My mom is famous in our family for making the sweet potatoes for our Thanksgiving feast. Her version is reminiscent of traditional sweet potato casserole, but she uses high quality ingredients that have a lot less calories. Basically she whips the sweet potatoes with holiday spices, maple syrup, a little butter and tops them with toasted pecans. I am a huge fan of this dish!
The type of sweet potato used can impact the flavor. My mom swears by a variety called Red Garnet.
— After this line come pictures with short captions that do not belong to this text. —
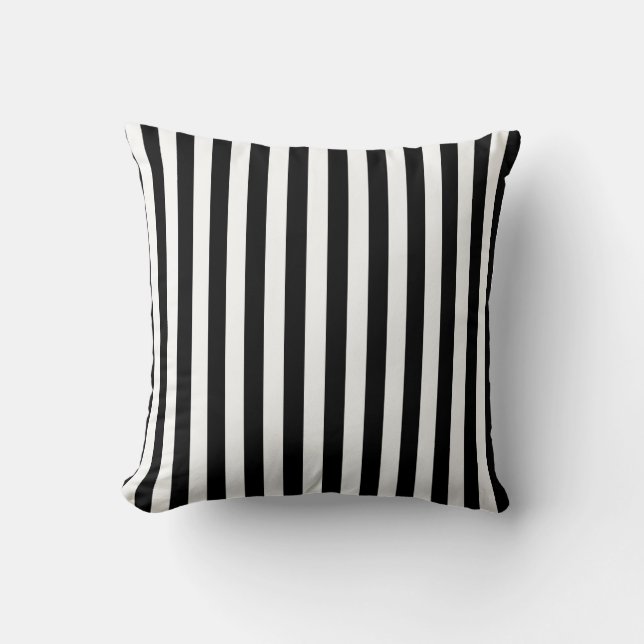 Black and White Stripes Throw Pillow (Front)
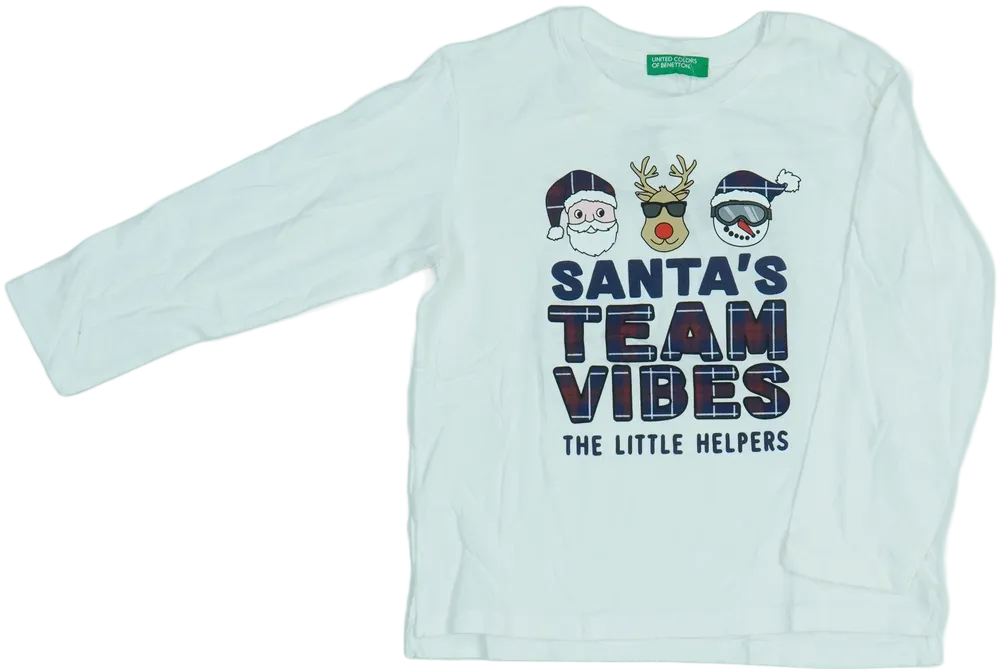 Fehér Benetton Hosszú ujjú felső EU 98 / UK 3 év / US 3T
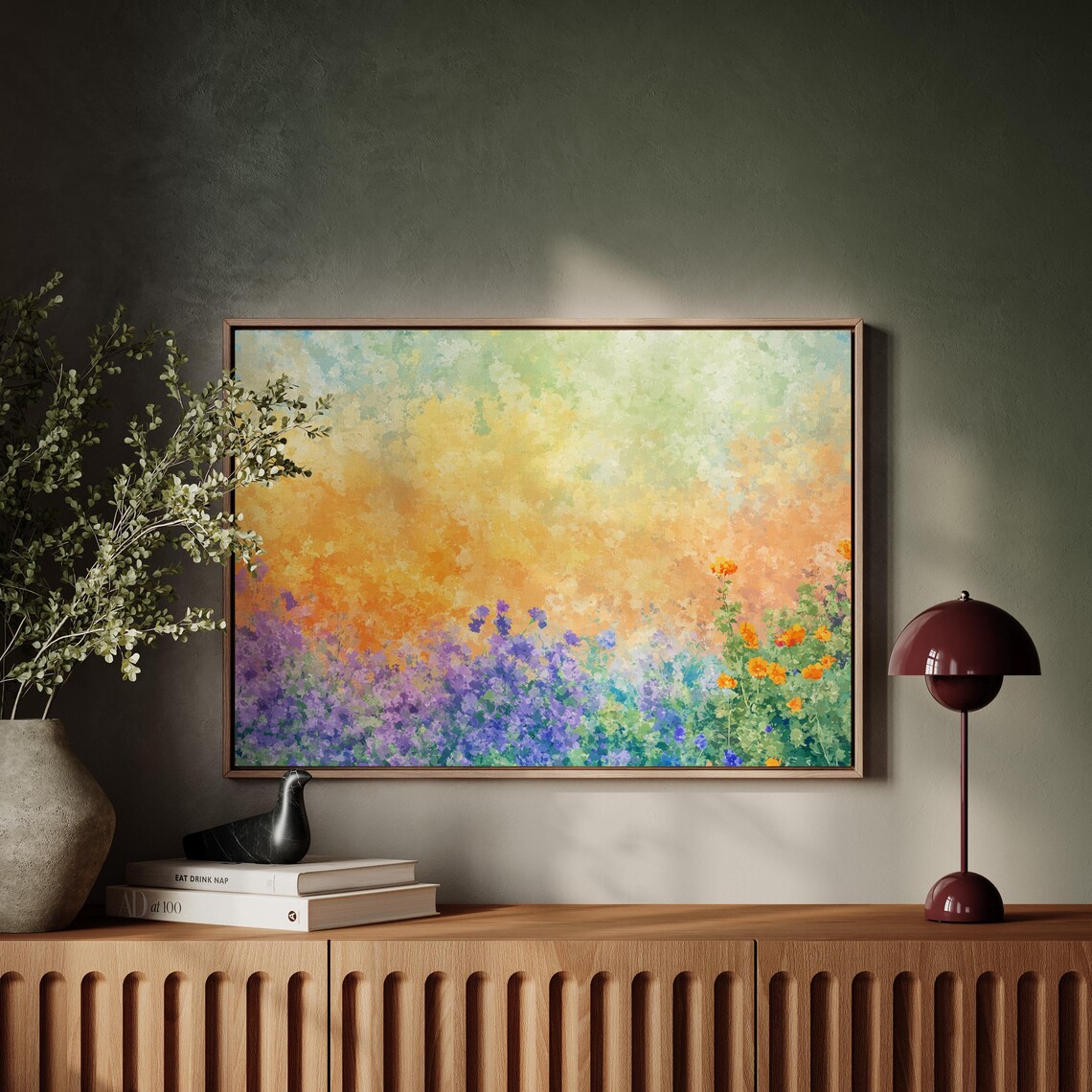 Abstract Floral Painting Purple Wildflowers Orange Poppies Spring Poster - Image 3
My experience with this type of sweet potato is a super sweet flavor with a deep red colored flesh that is extra moist and creamy. If you can’t find Red Garnet, I also love using Jewel, Covington, or Beauregard.
Serves: about 4 large portions
- 3 pounds sweet potatoes
- 1/4 cup milk
- 1 tablespoon melted butter
- 1-2 tablespoons pure maple syrup (depends on how sweet your sweet potatoes taste)
- 3/4 teaspoon sea salt
- 1/4 teaspoon pure vanilla extract
- 1/2 teaspoon ground cinnamon
- 1/4 teaspoon freshly grated nutmeg
- 1/2 cup chopped toasted pecans
- Preheat oven to 400°F.
- Pierce each potato several times with a fork. Place on foil lined sheet pan. Bake for 1 hour or until oozy and soft.
- Slice lengthwise down the center and allow to cool slightly.
- Peel each potato and place in a large bowl. Add milk, butter, maple syrup, salt, vanilla, cinnamon and nutmeg.
- Using a hand blender, whip the potatoes until the ingredients are fully incorporated.
- Place in a serving dish and top with toasted pecans.